I’m an Experimental Physicist. I carry out research designing and building instrumentation for observatories that have detected the first gravitational signals from colliding ‘black holes’ far out in our cosmos.
These ‘gravitational waves’ carry with them unique information about what objects produced them, allowing us to study dark processes in the universe.
Professor Sheila Rowan
I wanted to be a scientist, indeed a physicist and more specifically to study the cosmos, since I was quite young – about ten years old. I was hooked by the simple questions that come up when we look up at the night sky and wonder what is out there? How far could you go if you set off in a spaceship and what would you find? I found those questions so interesting that I simply couldn’t think of anything more exciting to do with my time than to work on helping to try and answer them. I have been so lucky to be able to find a way to do that.
My research, and that of my Institute, is targeted at detecting and studying the ‘ripples in space-time’ predicted to exist by Einstein more than 100 years ago. To do this, we work together with scientists in more than 20 countries around the globe. This research pushes the state-of-the-art in technology across optical and mechanical systems needed for our observatories that have application not only in gravitational astrophysics, but also spin-offs in healthcare, satellite control, energy, and geoscience.

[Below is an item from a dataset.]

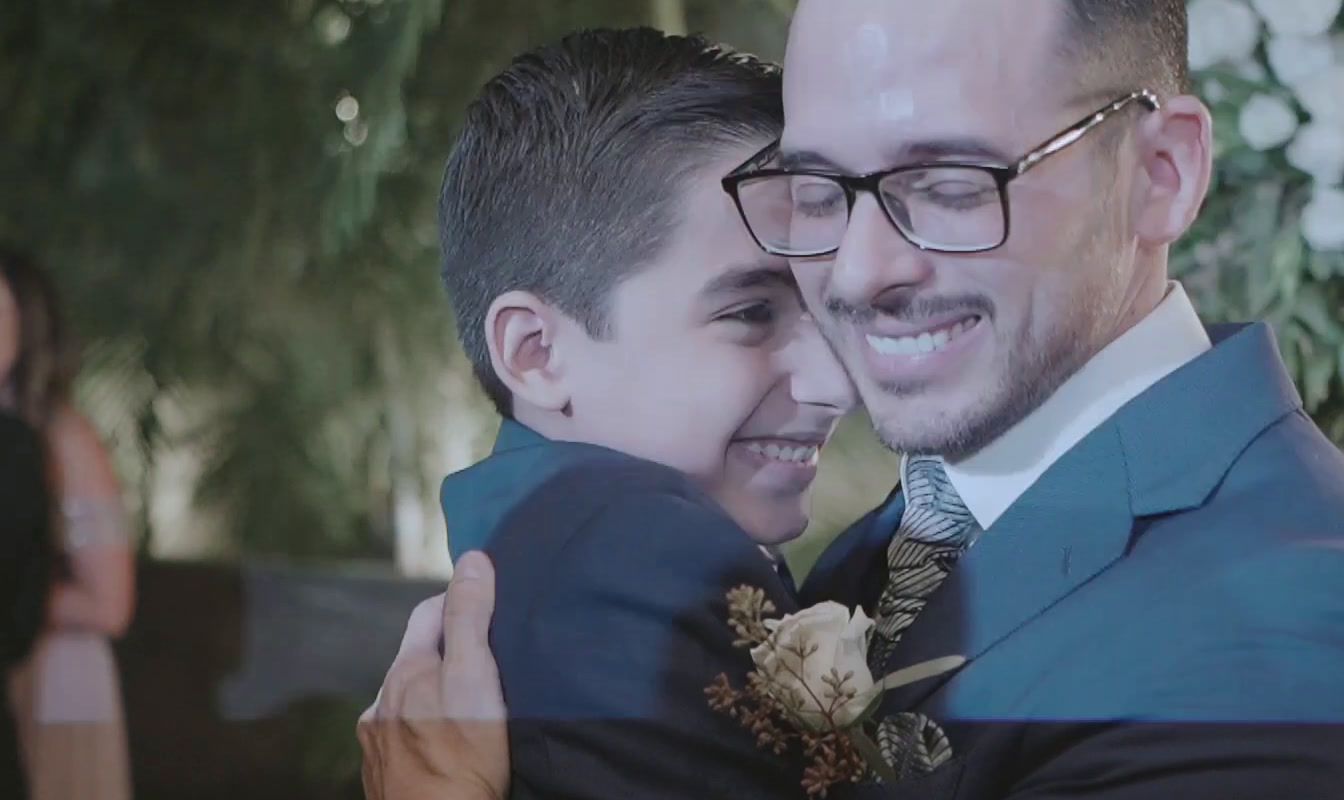 a man in a suit hugging a boy in a suit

By chasing the discoveries of tomorrow, we can help people today.
Sheila is holding a sheet showing the properties of what produced the very first gravitational wave signal – ‘GW150914’ – picked up by the LIGO observatories in 2015. Two black holes, each tens of times the mass of our sun, collided 1.3 billion years ago and caused the universe to vibrate by just a tiny amount; these vibrations give us a completely new tool to study the universe.